Record set
+--
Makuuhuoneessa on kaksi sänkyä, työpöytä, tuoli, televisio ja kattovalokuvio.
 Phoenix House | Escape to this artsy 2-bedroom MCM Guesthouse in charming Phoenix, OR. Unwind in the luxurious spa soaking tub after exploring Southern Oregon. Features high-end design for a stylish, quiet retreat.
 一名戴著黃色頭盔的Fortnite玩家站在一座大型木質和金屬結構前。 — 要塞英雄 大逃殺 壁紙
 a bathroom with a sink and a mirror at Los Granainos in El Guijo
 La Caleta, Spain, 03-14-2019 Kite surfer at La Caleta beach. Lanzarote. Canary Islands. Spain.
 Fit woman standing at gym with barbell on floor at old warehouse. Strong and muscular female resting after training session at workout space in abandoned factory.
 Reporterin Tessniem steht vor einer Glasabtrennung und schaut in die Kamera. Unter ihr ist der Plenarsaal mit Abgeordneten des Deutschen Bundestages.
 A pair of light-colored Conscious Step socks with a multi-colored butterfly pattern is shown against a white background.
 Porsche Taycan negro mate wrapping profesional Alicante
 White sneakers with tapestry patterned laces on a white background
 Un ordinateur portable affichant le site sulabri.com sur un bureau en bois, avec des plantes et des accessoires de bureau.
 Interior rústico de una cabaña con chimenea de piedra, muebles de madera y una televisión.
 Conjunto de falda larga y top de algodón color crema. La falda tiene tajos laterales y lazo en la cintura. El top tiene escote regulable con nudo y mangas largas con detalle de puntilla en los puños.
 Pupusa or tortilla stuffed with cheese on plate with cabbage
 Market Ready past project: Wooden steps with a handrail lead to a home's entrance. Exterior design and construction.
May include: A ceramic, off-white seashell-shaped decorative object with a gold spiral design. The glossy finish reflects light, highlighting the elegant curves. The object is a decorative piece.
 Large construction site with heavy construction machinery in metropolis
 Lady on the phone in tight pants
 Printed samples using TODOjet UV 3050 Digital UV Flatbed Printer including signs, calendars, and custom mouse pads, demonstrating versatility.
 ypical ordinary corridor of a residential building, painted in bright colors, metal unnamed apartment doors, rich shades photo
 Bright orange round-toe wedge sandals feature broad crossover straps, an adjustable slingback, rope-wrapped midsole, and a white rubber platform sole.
+--
Show every line of the records above that contains the word "background".

Reply to the exercise
 A pair of light-colored Conscious Step socks with a multi-colored butterfly pattern is shown against a white background.
 White sneakers with tapestry patterned laces on a white background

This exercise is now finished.